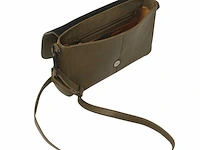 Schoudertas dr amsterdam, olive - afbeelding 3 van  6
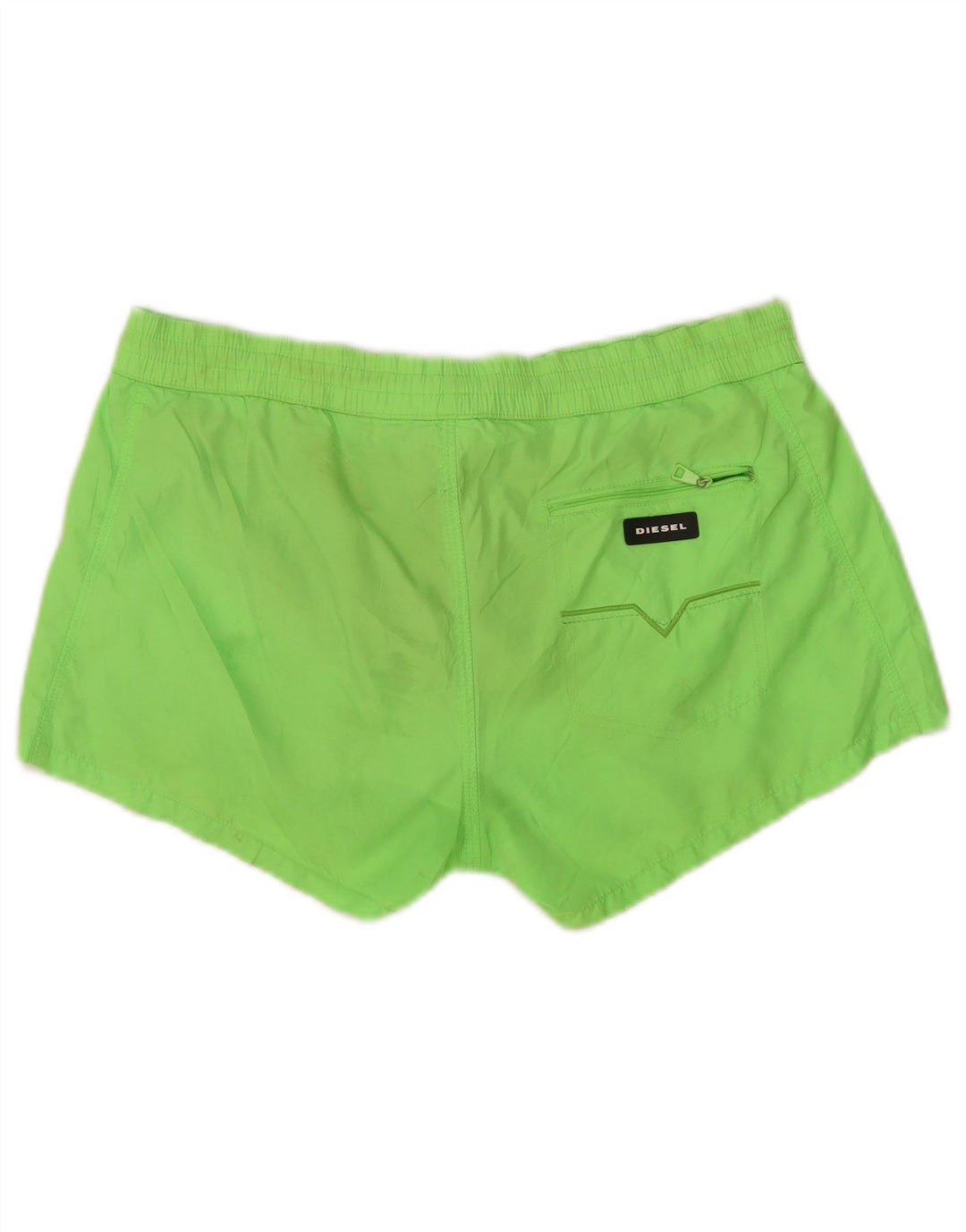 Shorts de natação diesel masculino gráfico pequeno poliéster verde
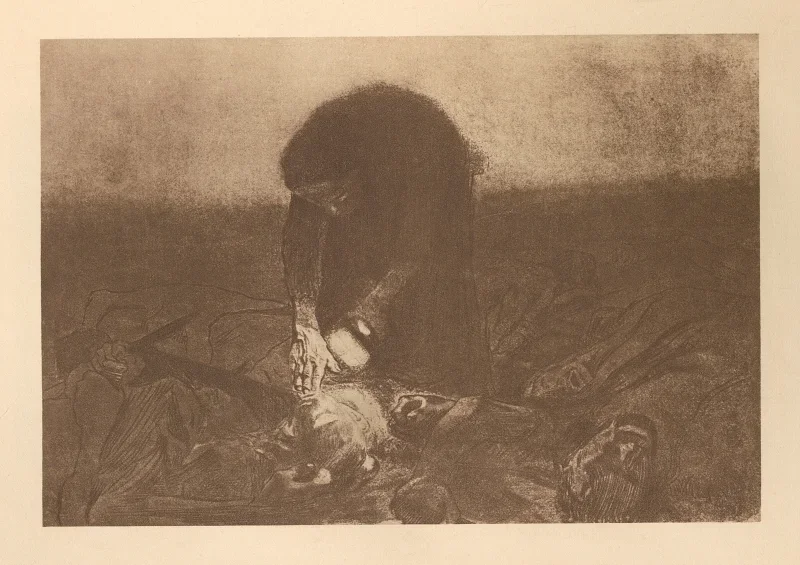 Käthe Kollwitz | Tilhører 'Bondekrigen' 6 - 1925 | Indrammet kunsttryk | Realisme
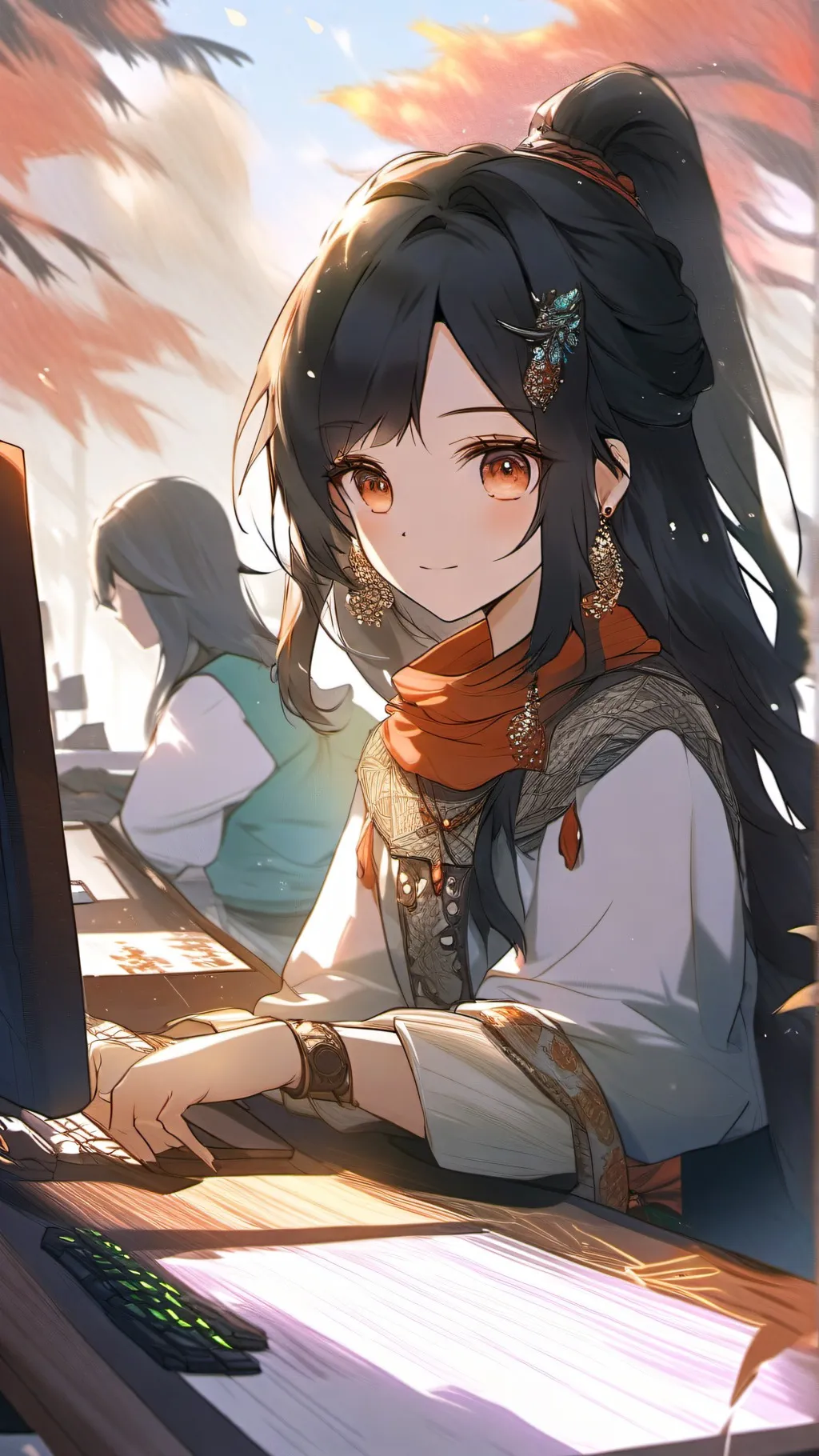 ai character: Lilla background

...

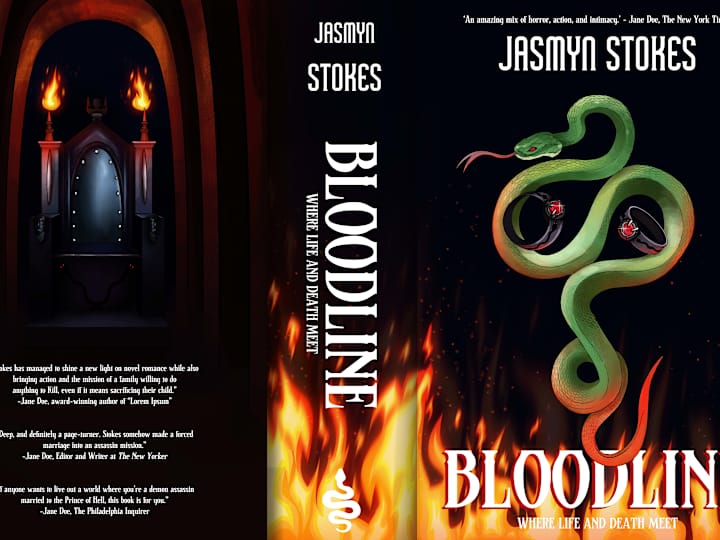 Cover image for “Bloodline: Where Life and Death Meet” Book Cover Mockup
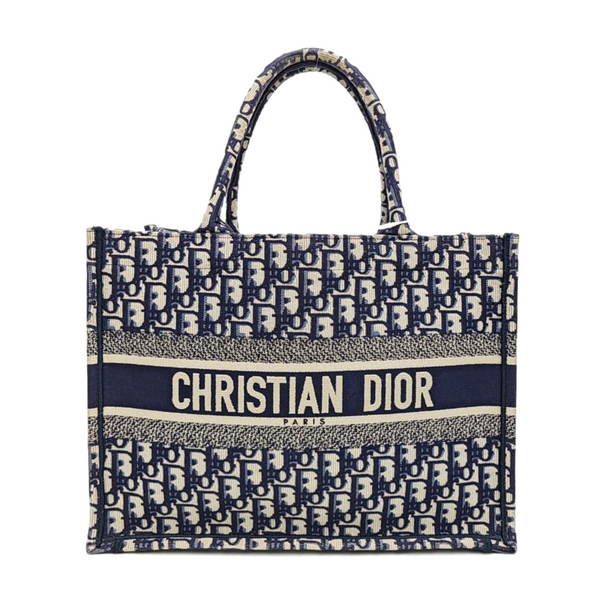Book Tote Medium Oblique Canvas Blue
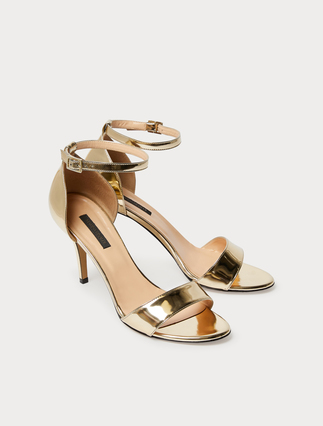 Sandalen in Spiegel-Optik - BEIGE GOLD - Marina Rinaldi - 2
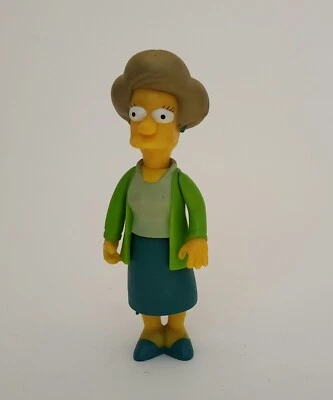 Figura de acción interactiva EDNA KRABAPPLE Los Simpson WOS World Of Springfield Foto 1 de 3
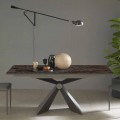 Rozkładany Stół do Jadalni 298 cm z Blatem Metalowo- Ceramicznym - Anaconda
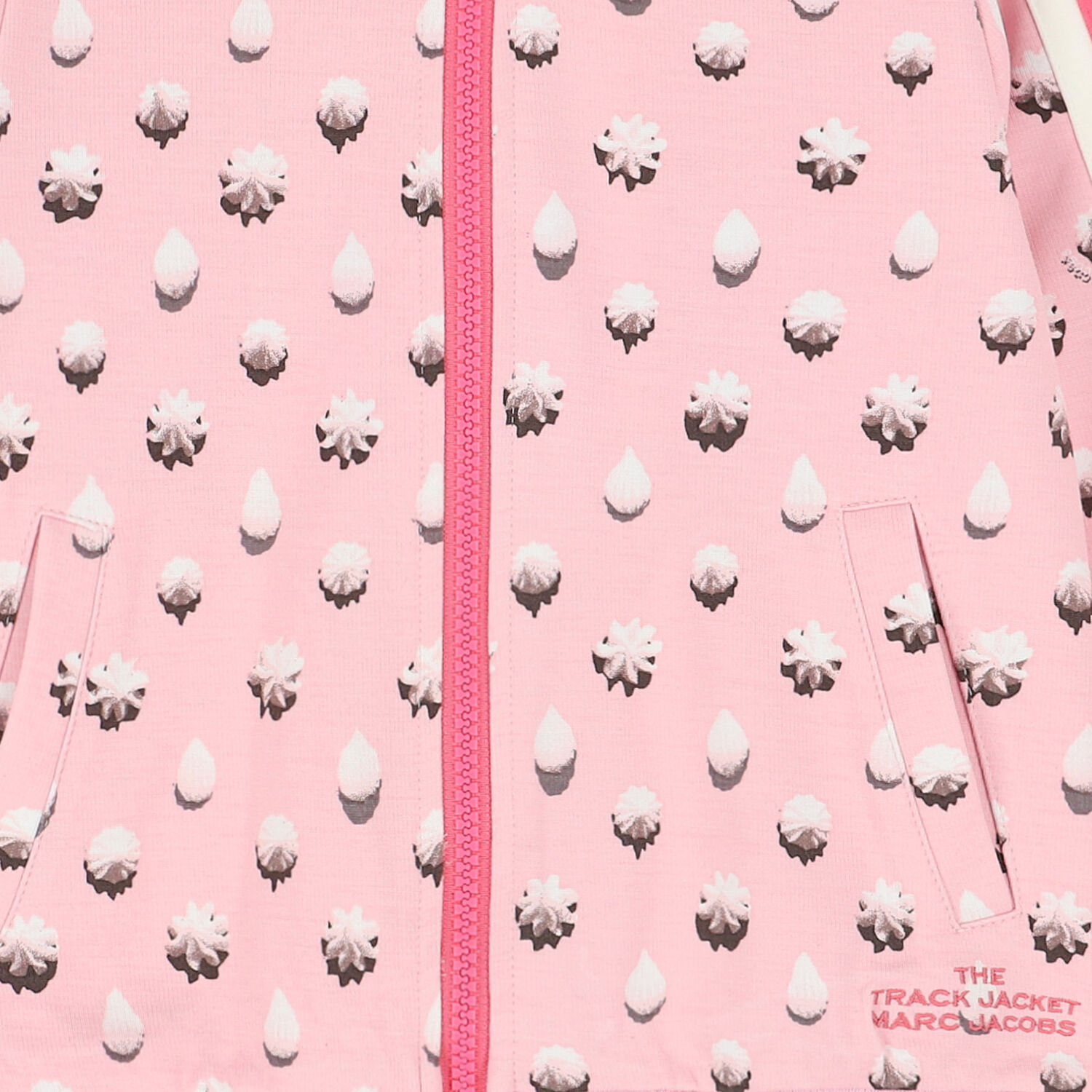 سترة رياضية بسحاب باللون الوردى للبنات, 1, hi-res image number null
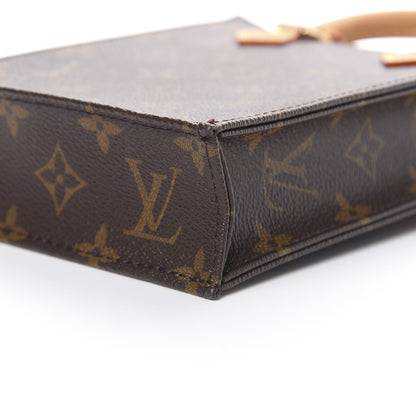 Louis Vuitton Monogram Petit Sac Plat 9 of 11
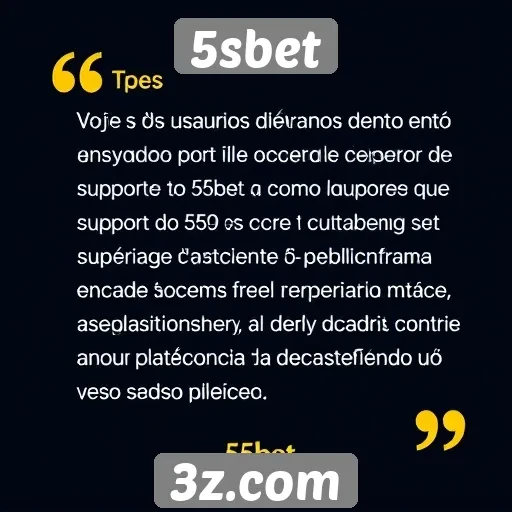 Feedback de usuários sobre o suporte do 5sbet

* PROBLEM *
If a picture sits between the line containing "سترة رياضية بسحاب" and the line containing "Feedback de usuários", leave it out, and return the lines of that range above exactly, both ends included.

* TASK RESPONSE *
 سترة رياضية بسحاب باللون الوردى للبنات, 1, hi-res image number null
 Louis Vuitton Monogram Petit Sac Plat 9 of 11
 Feedback de usuários sobre o suporte do 5sbet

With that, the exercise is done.